A while back I mentioned a return to Linux in a Dual Boot situation on my Laptop. The motivation here, primarily, is that it’s a perfectly good laptop, and Windows 10 is “end of life” and going away. Also, frankly, I miss using Linux more. I ran Linux on my last laptop before it was eventually replaced.

I’ve takent he next step and completely removed Windows.

I’ve done this for one reason, which is mayt not fix, but it might. I have, occasionally, been getting random system freezes. I never got this in Windows. My “theory” here is as follows:

  • My laptop has two physical drives, one is one of the newer M2 whatever drives that looks like a long ram stick chip, the other is an old school 3.5″ SSD. It seems really fucking weird to call an SSD “old school” like that, but whatever.
  • The SSD probably isn’t lose, but I have always felt like it fits a little loose inside the bay. I even have a piece of folded paper crammed inside to help give it some cushon to sty in place.
  • I am worried that the SSD is slipping out a bit and causing issues.
  • Also it’s possible the SSD is failing, but I doubt it.

Whatever the case, my ultimate goal was to move Linux to the original M2 drive and replace Windows, and I’ve completed that task. It was surprisingly painless, but not without hiccups. I was alos pretty nervous at first that I would hose up the laptop’s boot ability. As such, I wanted to give a general rundown of the process.
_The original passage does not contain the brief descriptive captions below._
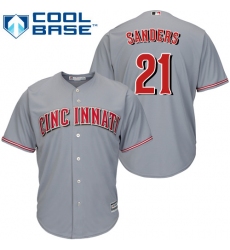 Youth Majestic Cincinnati Reds #21 Reggie Sanders Authentic Grey Road Cool Base MLB Jersey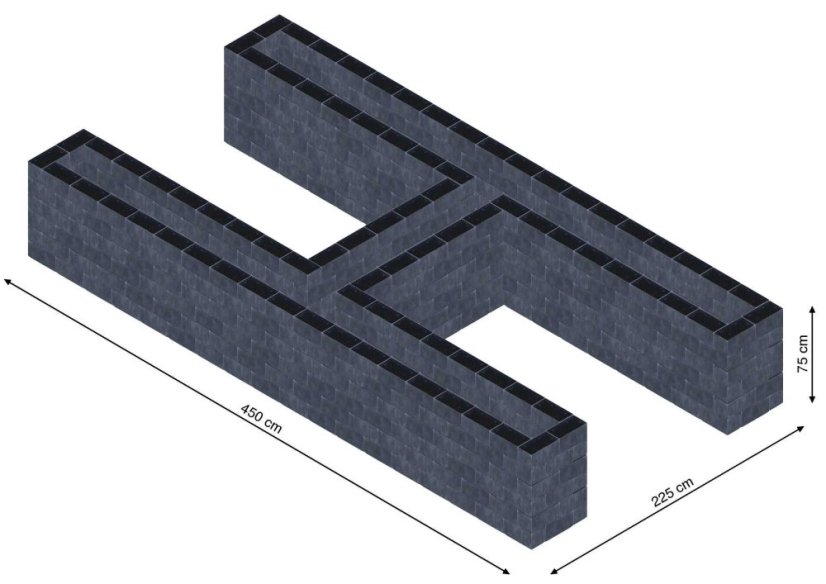 Hochbeet in Form eines H - Breite: 450 cm, Länge: 225 cm, Höhe: 75 cm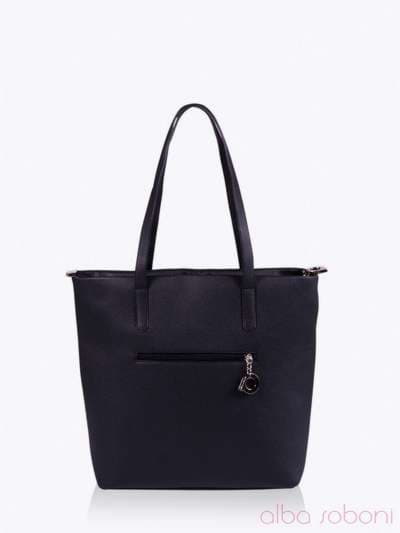 Брендова сумка з вышивкою, модель 152411 чорний. Зображення товару, вид ззаду.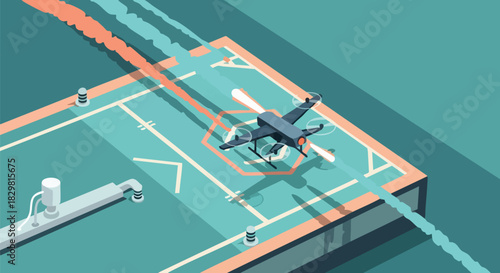 An isometric view depicts a drone taking off from a landing pad with vapor trails, illustrating technology and transport.
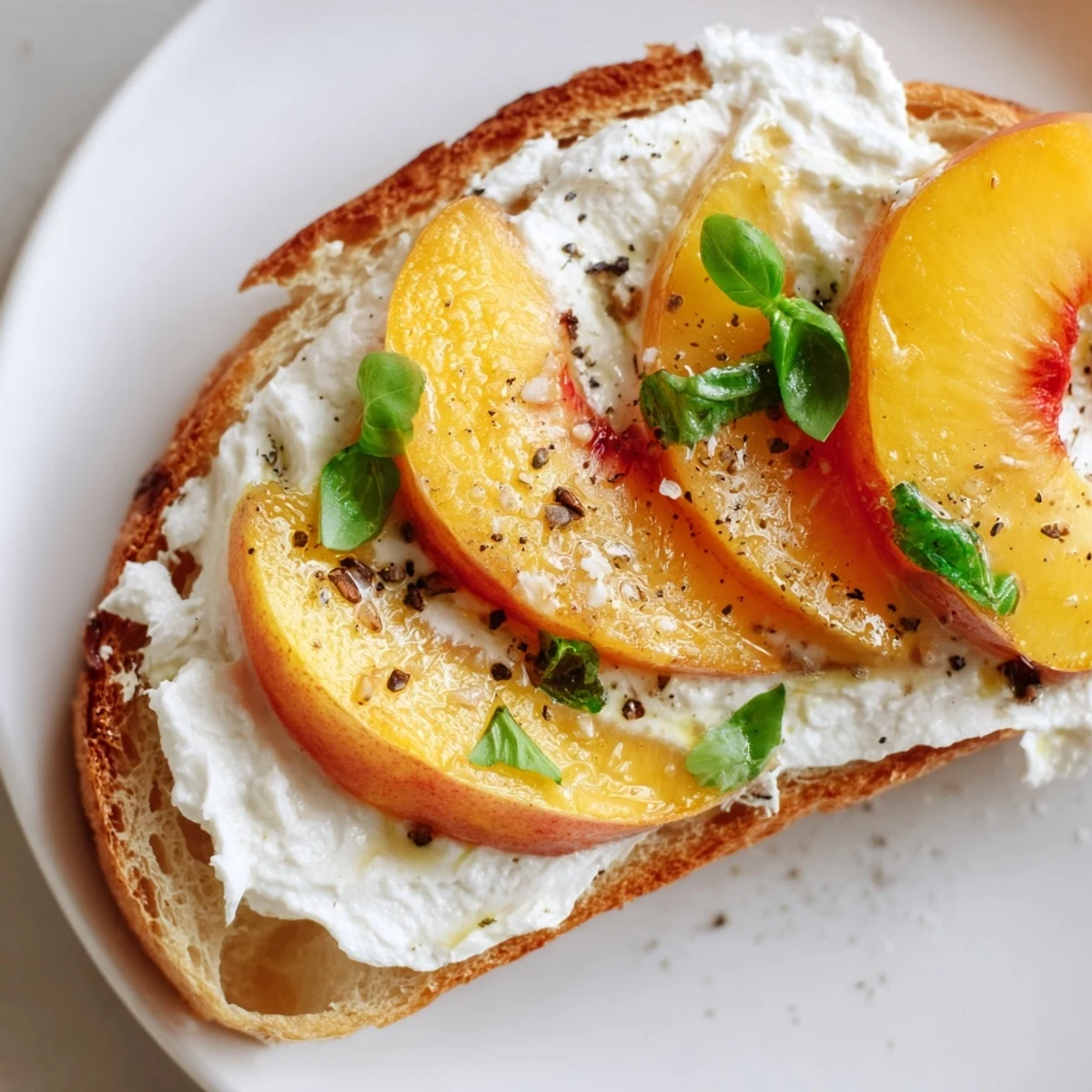 Fresh peach slices atop whipped ricotta bruschetta sprinkled with basil and black pepper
Just for a baseline of relevant points. With Windows my laptop:

  • Had 1 original M2 Drive with Windows on it, in Linux, this shows as “sdb”
  • Ad added SSD with 2 partitions, one with the Linux Mint file system, “sda3”
  • One Parition mapped as /home labeled “sda2”
  • A handful of other smaller patitions on both drives
  • Boot was set up for UEFI Enabled, Secure Boot Disabled

My first step was getting rid of the Windows File System. I simply opened “Disks” in Mint, and deleted the Windows Partition and the Recovery partition on sdb. This ended up being unecesary, but I did it anyway. Just for the sake of my sanity, I also rebooted to make sure I could still boot to Linux Mint. I also made a note that “sda” is 240GB and “sdb” is 256GB.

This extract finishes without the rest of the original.